--- About this task ---
Using the data below, copy each line that includes the word "Wooden".

*** Opening of Data records ***

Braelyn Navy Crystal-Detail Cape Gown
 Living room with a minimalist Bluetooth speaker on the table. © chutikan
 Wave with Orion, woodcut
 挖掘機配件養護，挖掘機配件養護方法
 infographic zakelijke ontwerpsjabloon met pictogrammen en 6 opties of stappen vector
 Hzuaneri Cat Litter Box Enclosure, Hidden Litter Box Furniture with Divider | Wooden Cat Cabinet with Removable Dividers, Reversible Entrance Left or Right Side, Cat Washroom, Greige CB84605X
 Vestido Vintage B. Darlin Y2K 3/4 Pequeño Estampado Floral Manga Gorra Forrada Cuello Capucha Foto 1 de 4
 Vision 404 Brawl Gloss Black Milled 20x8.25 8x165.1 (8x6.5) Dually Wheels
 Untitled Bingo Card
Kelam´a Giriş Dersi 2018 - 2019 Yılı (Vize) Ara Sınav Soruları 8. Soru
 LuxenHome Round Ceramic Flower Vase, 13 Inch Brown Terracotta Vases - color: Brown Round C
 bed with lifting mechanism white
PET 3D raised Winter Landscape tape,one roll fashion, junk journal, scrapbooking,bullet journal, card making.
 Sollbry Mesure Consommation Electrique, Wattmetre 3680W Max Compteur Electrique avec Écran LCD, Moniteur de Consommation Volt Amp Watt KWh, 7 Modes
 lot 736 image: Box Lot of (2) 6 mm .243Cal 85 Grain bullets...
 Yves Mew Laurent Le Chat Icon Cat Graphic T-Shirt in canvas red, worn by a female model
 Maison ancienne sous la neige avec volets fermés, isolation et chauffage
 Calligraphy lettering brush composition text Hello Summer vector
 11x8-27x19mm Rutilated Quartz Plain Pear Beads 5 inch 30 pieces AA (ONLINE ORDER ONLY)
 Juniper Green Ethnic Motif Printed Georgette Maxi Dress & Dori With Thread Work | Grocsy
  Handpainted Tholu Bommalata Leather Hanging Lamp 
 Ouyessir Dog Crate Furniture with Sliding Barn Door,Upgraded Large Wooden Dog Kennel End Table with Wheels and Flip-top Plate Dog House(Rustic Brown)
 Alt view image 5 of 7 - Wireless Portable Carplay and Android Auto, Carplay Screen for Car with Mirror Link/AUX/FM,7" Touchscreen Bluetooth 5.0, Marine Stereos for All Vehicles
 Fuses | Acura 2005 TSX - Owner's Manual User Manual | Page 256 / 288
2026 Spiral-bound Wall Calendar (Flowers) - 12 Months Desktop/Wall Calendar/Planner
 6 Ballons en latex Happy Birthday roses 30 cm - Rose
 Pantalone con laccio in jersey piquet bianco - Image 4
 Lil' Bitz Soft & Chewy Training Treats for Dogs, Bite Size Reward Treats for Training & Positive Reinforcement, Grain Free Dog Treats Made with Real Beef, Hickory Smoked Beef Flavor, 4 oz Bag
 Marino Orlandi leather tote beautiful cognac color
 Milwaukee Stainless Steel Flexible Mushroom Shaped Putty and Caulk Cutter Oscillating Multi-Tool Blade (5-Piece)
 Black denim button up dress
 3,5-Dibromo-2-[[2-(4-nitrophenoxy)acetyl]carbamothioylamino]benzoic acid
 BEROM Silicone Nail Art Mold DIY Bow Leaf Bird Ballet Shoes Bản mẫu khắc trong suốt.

*** Close of Data records ***

--- Task output ---
 Hzuaneri Cat Litter Box Enclosure, Hidden Litter Box Furniture with Divider | Wooden Cat Cabinet with Removable Dividers, Reversible Entrance Left or Right Side, Cat Washroom, Greige CB84605X
 Ouyessir Dog Crate Furniture with Sliding Barn Door,Upgraded Large Wooden Dog Kennel End Table with Wheels and Flip-top Plate Dog House(Rustic Brown)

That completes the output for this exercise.